The existing law requires companies employing more than 100 workers to take permission from the relevant government authorities to shut down a venture.
The NDA government has been attempting to frame a better exit policy for industry by allowing companies that employ less than 300 workers to shut down without government permission.
While this appears to have been put on the back burner once the new bankruptcy law comes into effect, this government permission no longer remains a constraint.
Chapter 59 of the code says “a corporate person in respect of whom a default has not occurred and who intends to liquidate itself voluntarily may initiate voluntary liquidation proceedings under the provisions of this Chapter”.

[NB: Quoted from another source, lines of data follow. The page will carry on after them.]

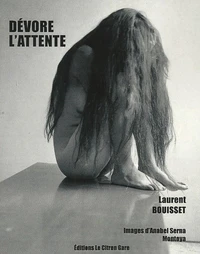 Dévore l'attente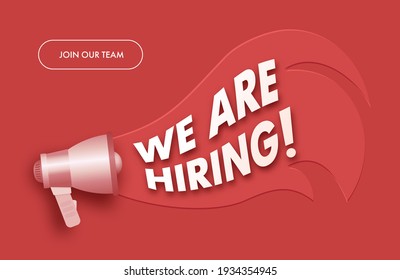Join our team banner. We are hiring advertising sign. Loudspeaker, megaphone, bullhorn. Promotion banner. Vector illustration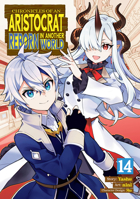 Chronicles of an Aristocrat Reborn in Another World (Manga) Vol. 14 B0FN3TSPDY Book Cover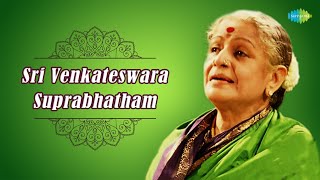 MS Subbulakshmi Sri Venkateswara Suprabhatham  Lyrical Video [upl. by Iorgos]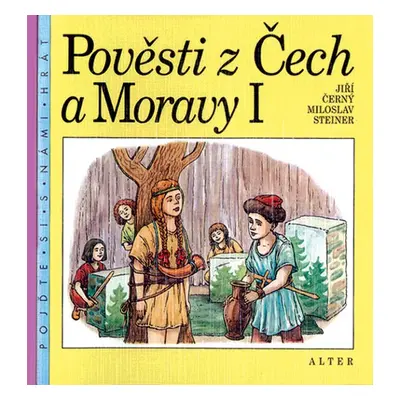 Pověsti z Čech a Moravy I - Jiří Černý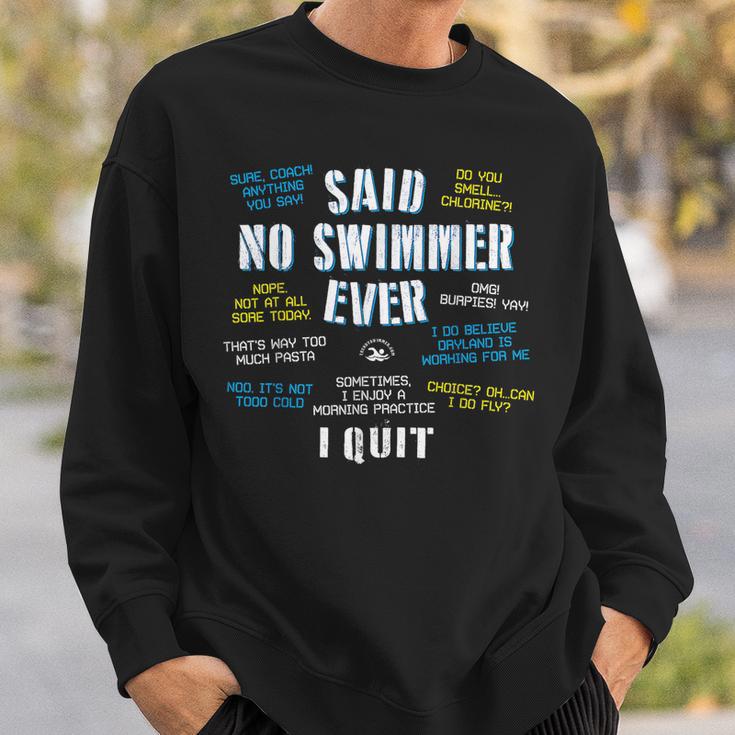Said No Swimmer Ever Competitive Swimming Quotes Sweatshirt Gifts for Him Said No Swimmer Ever Competitive Swimming Quotes Sweatshirt Gifts for Him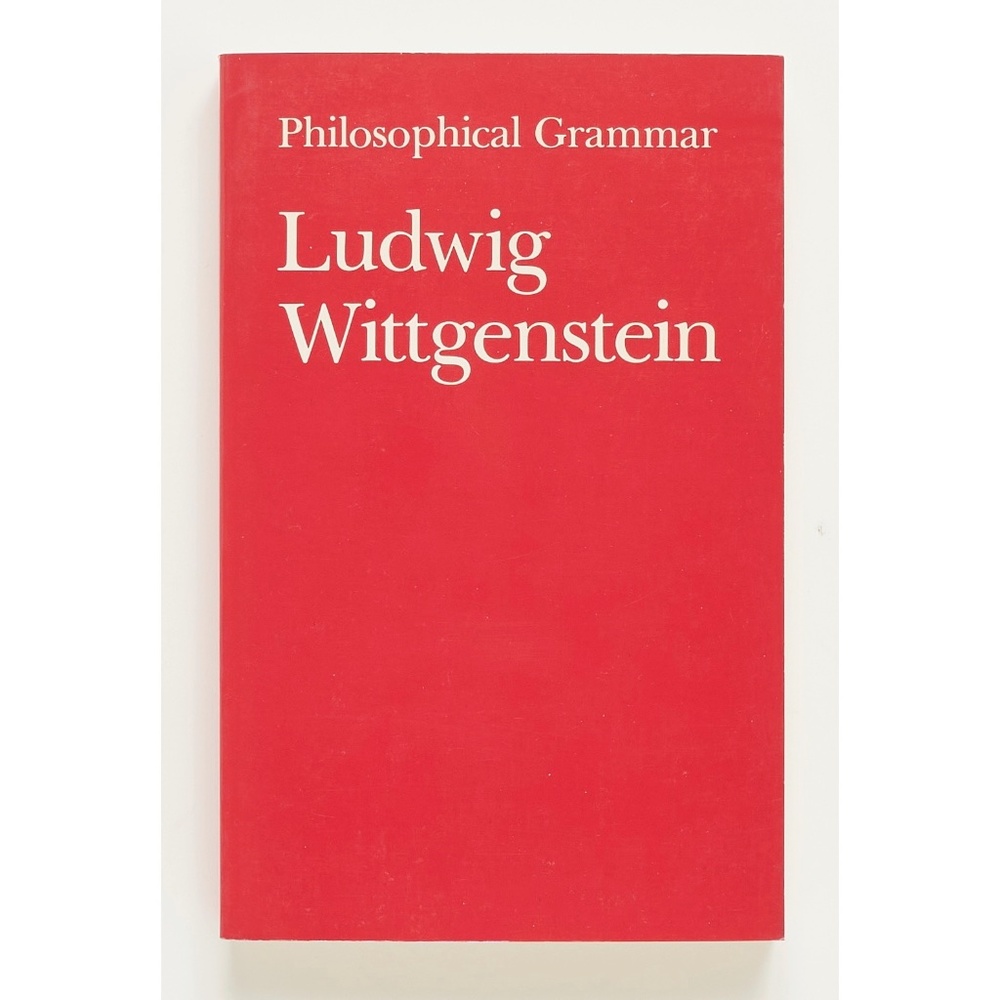 Philosophical Grammar - Ludwig Wittgenstein - California, 1984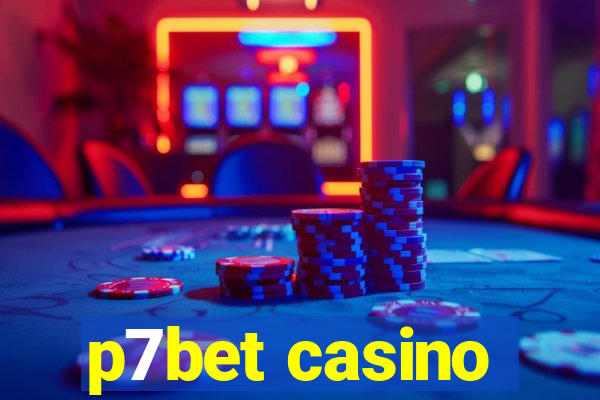 p7bet casino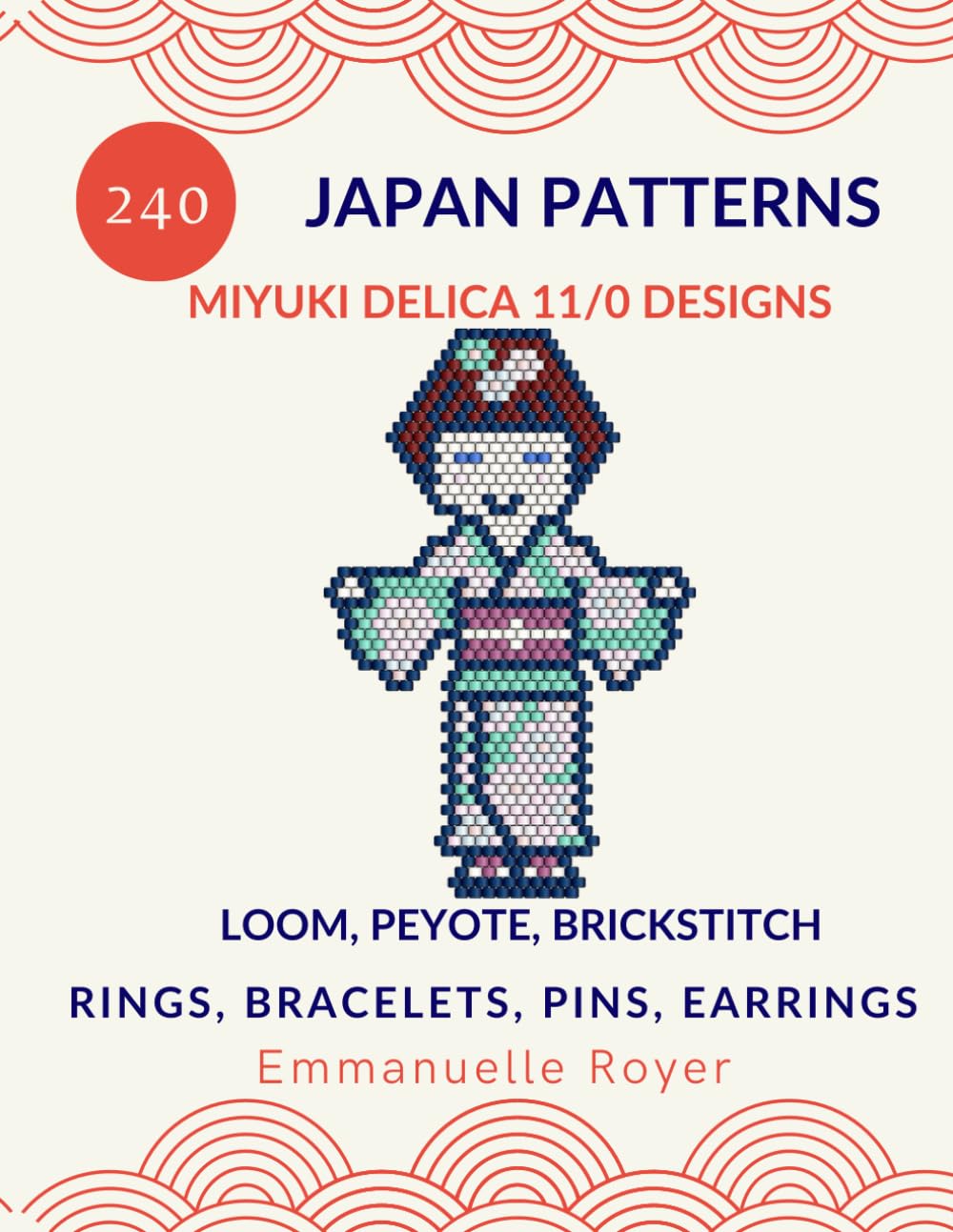 240 Japanese Bead Patterns: Miyuki Delica 11/0 Designs.: Peyote Stitch, Loom weaving & Brick Stitch Patterns for Rings, Bracelets, Pins and Earrings. (Miyuki bead patterns - world collection) baixar o livro de graça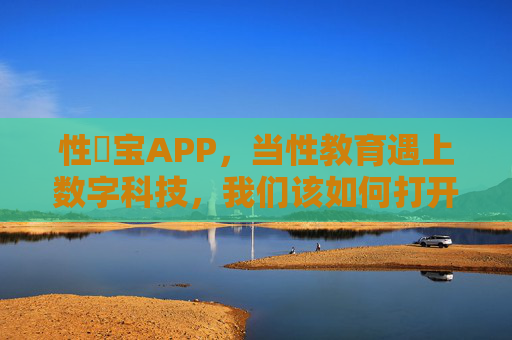 性愊宝APP,当性教育遇上数字科技,我们该如何打开健康之门? 性愊宝APP,当性教育遇上数字科技,我们该如何打开健康之门?
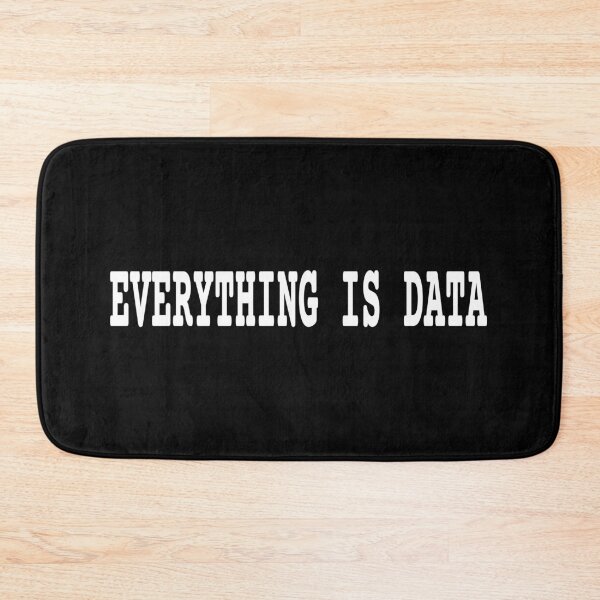 Item preview, Everything Is Data Funny Tech Analyst Quote designed and sold by Mikidesign1988.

It adds that such a move will require a special resolution to be passed by the firm’s shareholders.
Viswanathan also observed that the new legislation would prevent companies from approaching the high courts and that the National Company Law Tribunal (NCLT) would adjudicate cases for companies and limited liability partnerships. Moreover, this would be done within a specified time period.
Companies will, however, be able to appeal to the appellate tribunal and in the Supreme Court only in cases relating to “points of law”, Viswanathan observed. He asserted that the code had overriding effect and that the new Section 238 states that the code’s provisions shall override anything inconsistent with it in any other law or any instrument having effect by virtue of any such law.
Banks have found it difficult to recover their dues from promoters since the latter have been able to delay cases in the courts, which at times have dragged on for years.
The amount of loans pending recovery in the country’s debt recovery tribunals (DRTs) stood at a cumulative Rs.4.5 lakh crore at the end of December 2015. At the end of March 2015 the amount was Rs.3.93 crore.
The code will consolidate the existing framework by repealing two Acts and amending 11 others including Companies Act, 2013, the DRT Act, 1993, and the Sarfaesi Act, 2002.